Ramifications of Optical Pumping on the Interpretation of Time-Resolved Photoemission Experiments on Graphene

TL;DR

This paper investigates how pump-induced effects in time-resolved photoemission experiments on graphene can distort data interpretation, emphasizing the importance of accounting for these effects in experimental analysis.

Contribution

The study reveals the influence of pump-induced artifacts like spectral shifts and double excitations on TR-ARPES data of graphene, highlighting the need for careful data deconvolution.

Findings

Spectral shift and broadening depend on time and laser fluence.

Double pump excitation caused by internal reflections was observed.

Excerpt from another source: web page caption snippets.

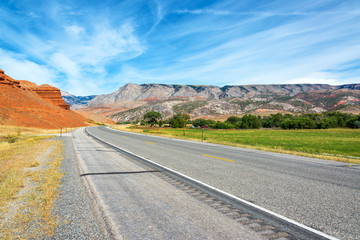 Highway passing through a colorful landscape in Shell, Wyoming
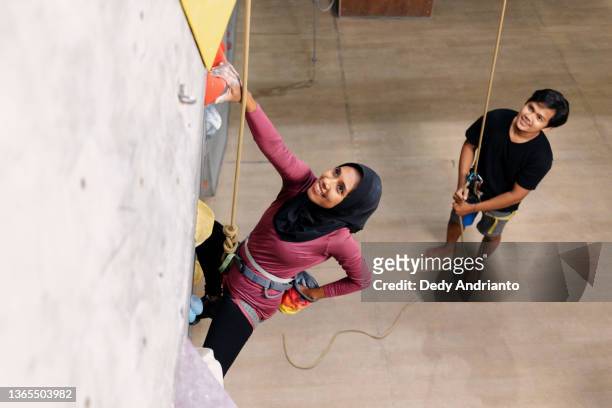 erwachsene muslimische kletterin mit instruktor in indoor-kletterhalle - kletterwand kletterausrüstung stock-fotos und bilder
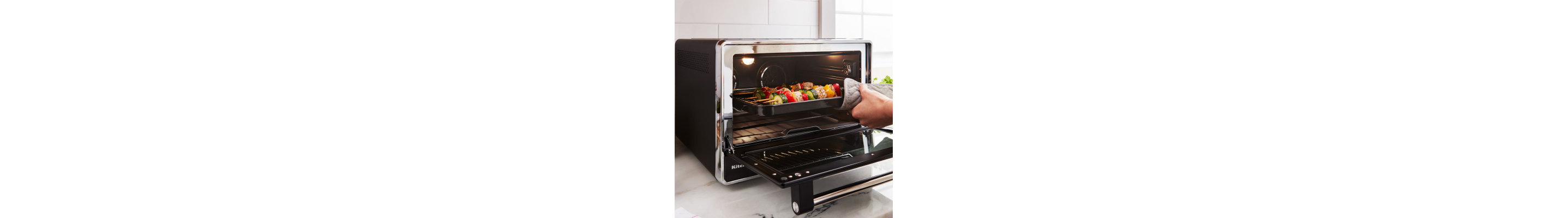A person holding a tray of kebabs cooking inside a black countertop oven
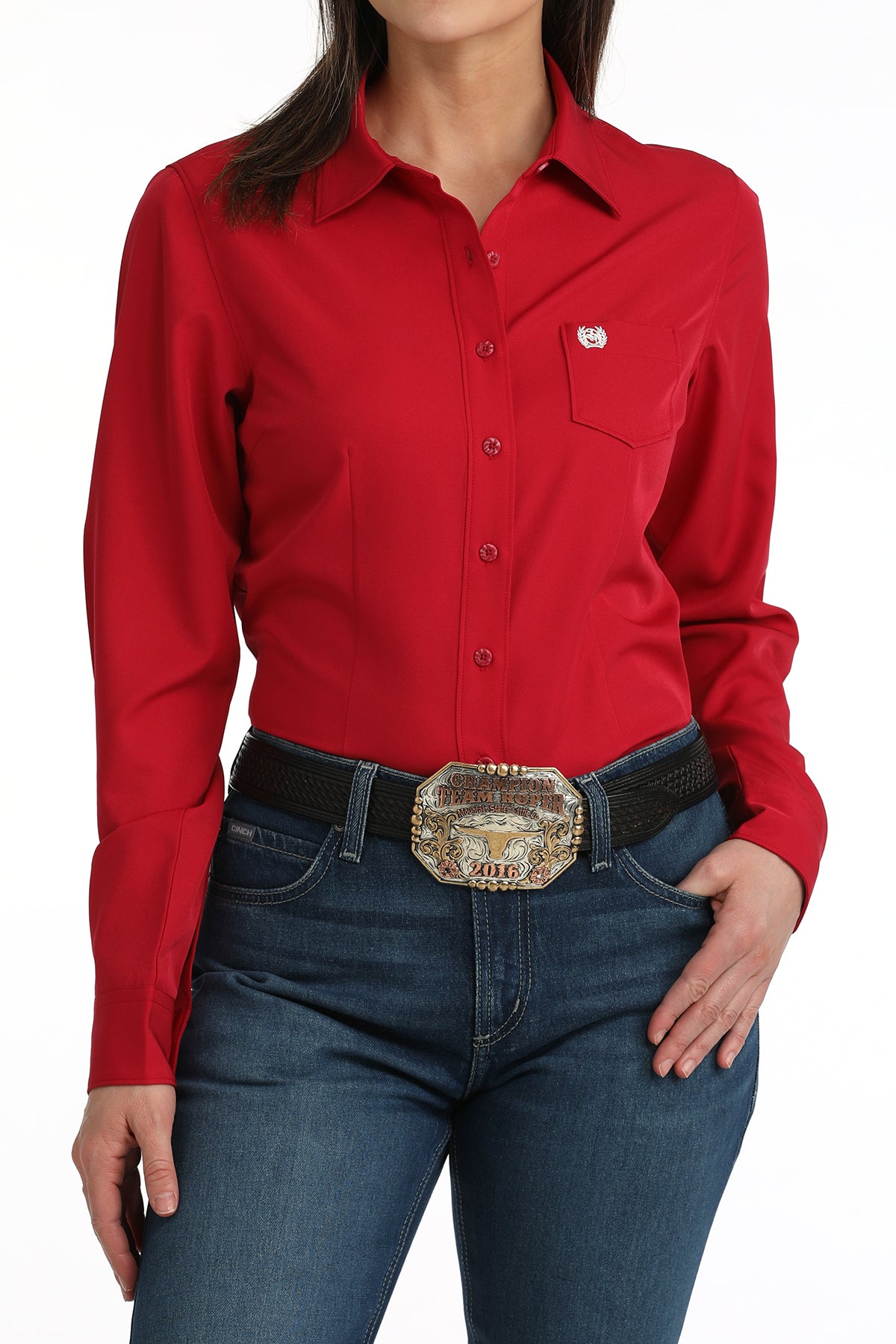 Pink women's cinch shirt worn by a person on a white background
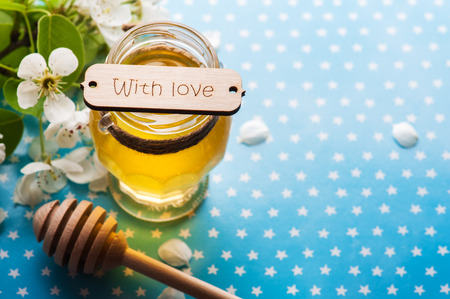 Honey with blossoms and wooden spoon on blue stars backgroundの写真素材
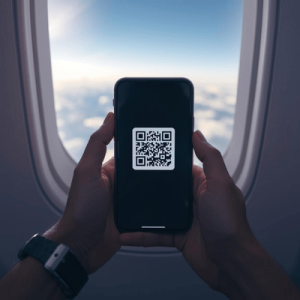 Close-up of a person activating a digital SIM by scanning a QR code on their phone while on a plane
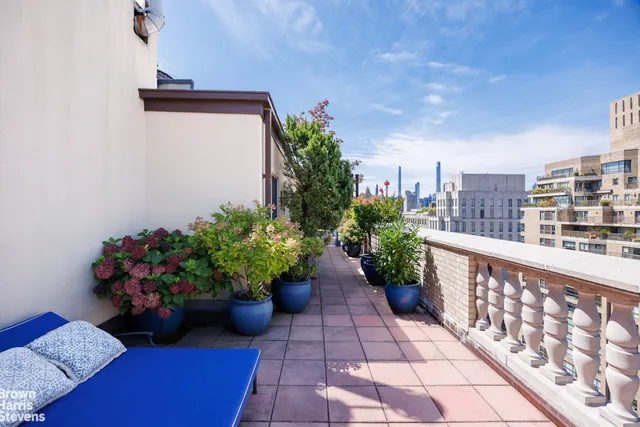 a view of a bunch of flower plants in front of a building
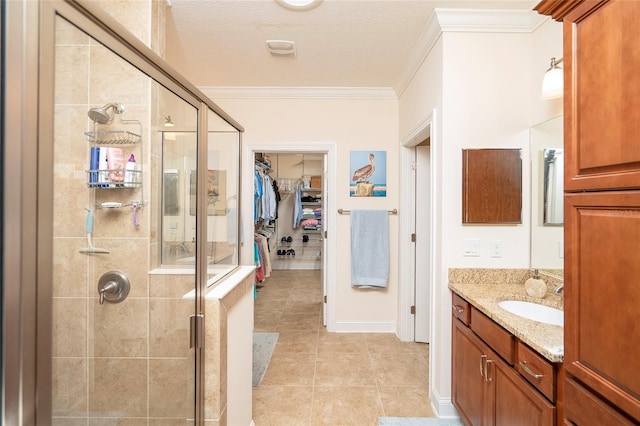 bathroom with tile patterned flooring, vanity, ornamental molding, a textured ceiling, and a shower with shower door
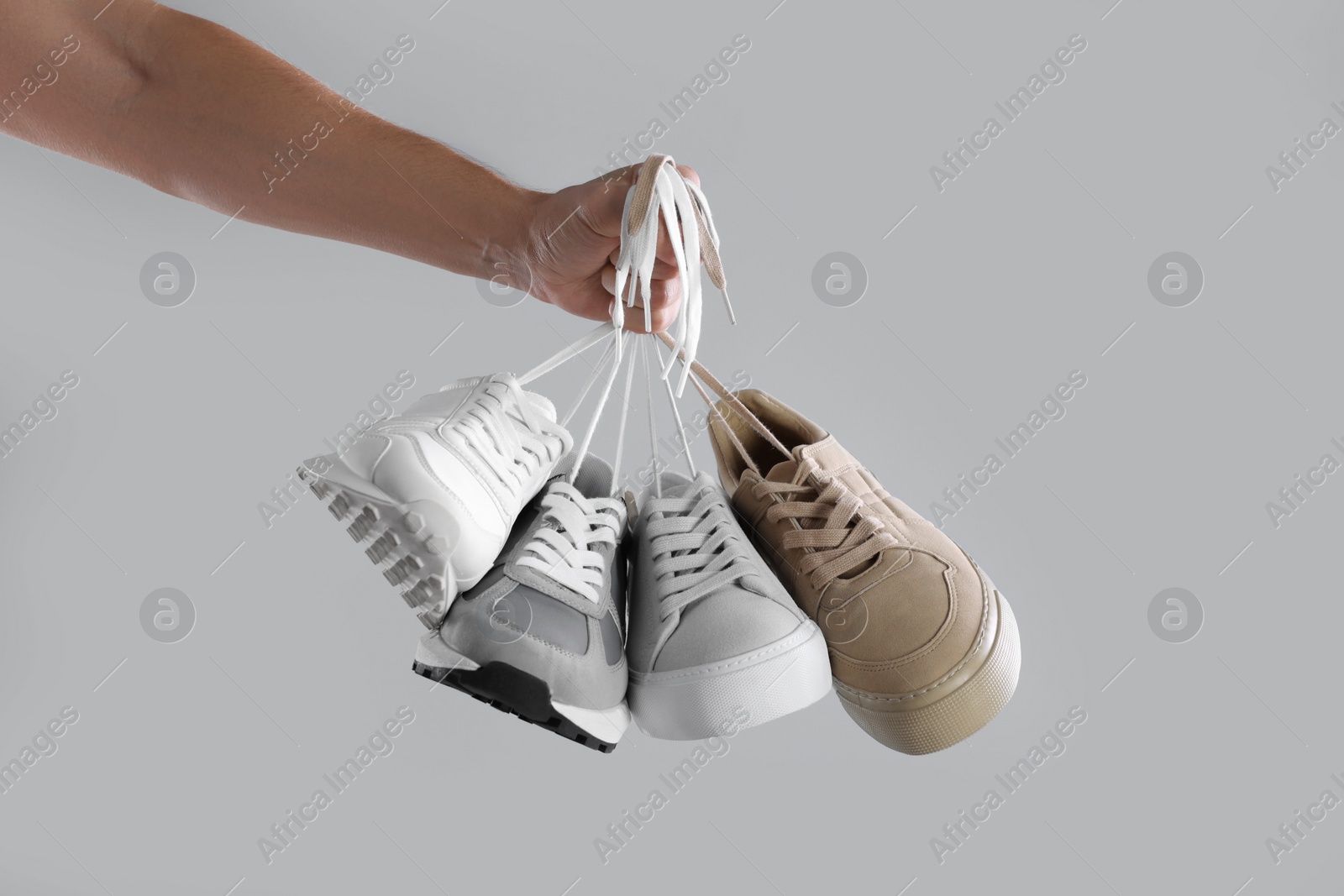 Photo of Man holding different sneakers on light grey background, closeup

Pump-related effects are slower than electron dynamics, enabling signal deconvolution.

Abstract

In pump-probe time and angle-resolved photoemission spectroscopy (TR-ARPES) experiments the presence of the pump pulse adds a new level of complexity to the photoemission process in comparison to conventional ARPES. This is evidenced by pump-induced vacuum space-charge effects and surface photovoltages, as well as multiple pump excitations due to internal reflections in the sample-substrate system. These processes can severely affect a correct interpretation of the data by masking the out-of-equilibrium electron dynamics intrinsic to the sample. In this study, we show that such effects indeed influence TR-ARPES data of graphene on a silicon carbide (SiC) substrate. In particular, we find a time- and laser fluence-dependent spectral shift and broadening of the acquired spectra, and unambiguously show the presence of a double pump excitation. The dynamics of these effects is slower than the electron dynamics in the graphene sample, thereby permitting us to deconvolve the signals in the time domain. Our results demonstrate that complex pump-related processes should always be considered in the experimental setup and data analysis.